I think it's a little more complicated than just having the proper quarantine steps available for algae on their site, as far as the brand is concerned, for various reasons.
If you provide QT instructions, someone claims to follow it, and the algae dies then they may expect a replacement claiming "your QT guidelines killed my algae." It's just one more excuse to give people. On here it's helpful advice, but on their website is a different story.
Then there's the more important reason. If you provide QT instructions than it indirectly suggests that the clean algae should be QT'd and isn't really as clean as the claim, though the big disclaimer achieves that same result.
Maybe stating all of the procedures that they go through (without giving away inhouse techniques) to explain how and why the algae is clean would give people a better understanding? Something like, "what makes our clean algae, clean." Then possibly follow up with something saying that if the person still feels the need to QT anything they put in their tank, here are some possible steps you can take? So it's not giving the impression you need to QT, but explaining the rigorous process involved on their end and the extra cost involved to the customer.

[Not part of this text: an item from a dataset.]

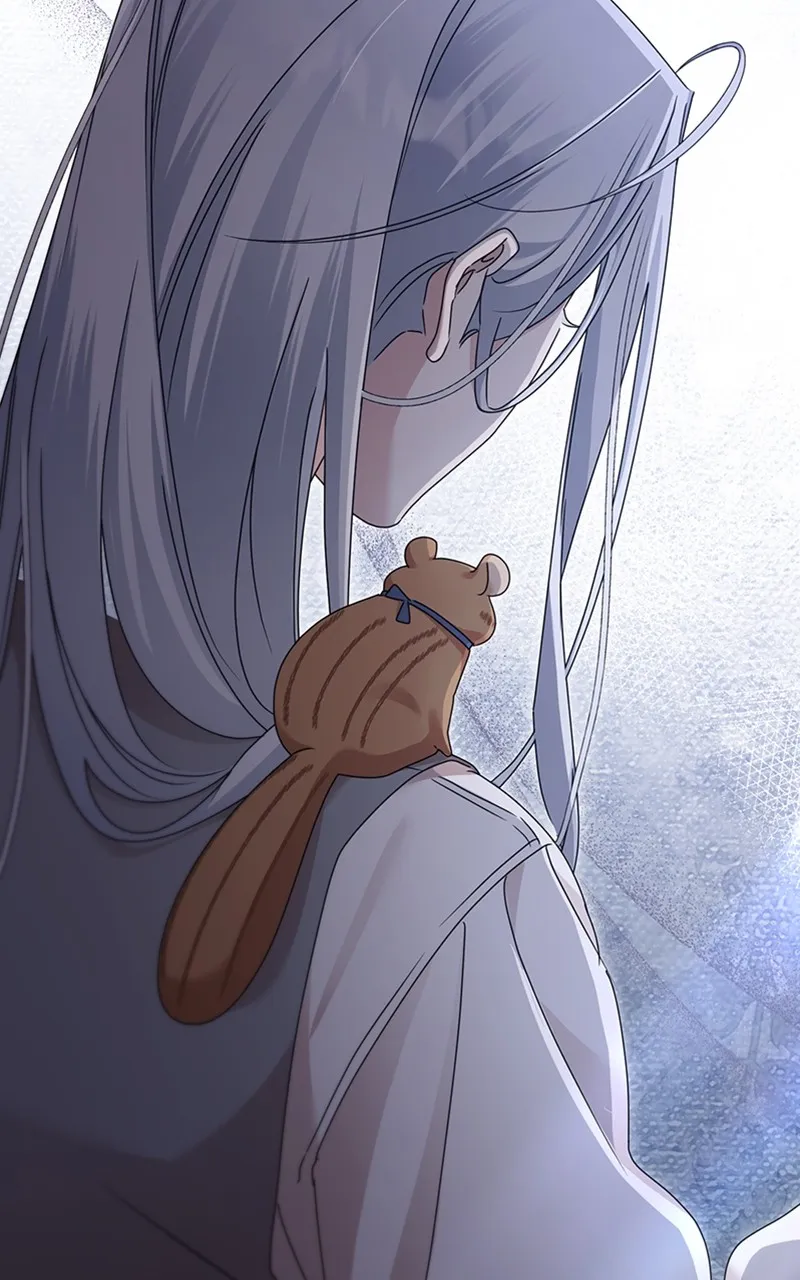 Adopted by a Murderous Duke Family Chapter 58 page 68 -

It's a tricky situation with how that's worded. I get the disclaimer is "legal stuff," but that disclaimer also implies that the algae isn't really clean. I would definitely make that disclaimer fine print, lol.
I totally understand your thought on giving people quarantine info as being a helpful thing. It may just subconsciously suggest to people that it's necessary and than what's the difference between this clean algae and eBay algae if they both need to be quarantined.